Tuesday, January 18, 2011
Book Review: The Water Wars
So, my first YA debut authors review of the year: The Water Wars, by Cameron Stracher. A book that's rather dry in more ways than one.
It’s a bit tough for me to describe what I think about The Water Wars, because my feelings on the subject are a bit…beige. There wasn’t much emotional evocation from me one way or the other, which is not a good sign. It’s not a bad sign either, since it didn’t evoke frustration and disbelief, but it’s also not good. It’s just kind of…bleh.
I think the problem might be in the point of view. Like a lot of YA fiction, The Water Wars is written from a first-person POV, namely that of Vera, a young girl growing up in a world where water has become a more scarce and precious commodity than gold or oil. This works very well in the emotional aspect of the book: when we get scenes that are all about Vera and her feelings, like the budding romance between her and mysterious rich newcomer Kai, it’s very realistic and engaging.
However, the exposition about this world and how it works – descriptions of their government system, history, or even things like the illness that’s overcome Vera’s mother – doesn’t feel like it’s written in Vera’s voice. It’s more distant and somewhat off-putting, especially since we spend most of the first 3 chapters in that tone and only get into Vera’s real voice around Chapter 4.
As far as the actual story goes, it’s marketed as being “in the tradition of The Hunger Games,” but that isn’t really true. In fact, it’s more in the tradition of Fahrenheit 451 or 1984; the sort of dystopian fiction that’s about a close and realistic future that warns of the immediate sins of our present, rather than a distant and fantastical one where certain cultural aspects have been allowed to reign supreme over technology and lifestyle.

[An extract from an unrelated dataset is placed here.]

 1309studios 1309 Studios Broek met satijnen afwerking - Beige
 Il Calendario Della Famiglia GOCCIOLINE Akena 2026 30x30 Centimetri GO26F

As such, there are times when its environmental message can be really hard to swallow, especially since it’s shoved into every chapter even when it feels kind of inappropriate. It takes a long time to get a handle of the main characters as well, especially since a lot of scenes that could provide more connection to their personalities are paraphrased, skipped over or just plain discarded.
In short: it’s not a bad book. At all. But it’s not really a good one either. If it hadn’t been for this review, I probably wouldn’t have finished reading it. The moments when I was truly engaged were just too few and far between for it to be worth it.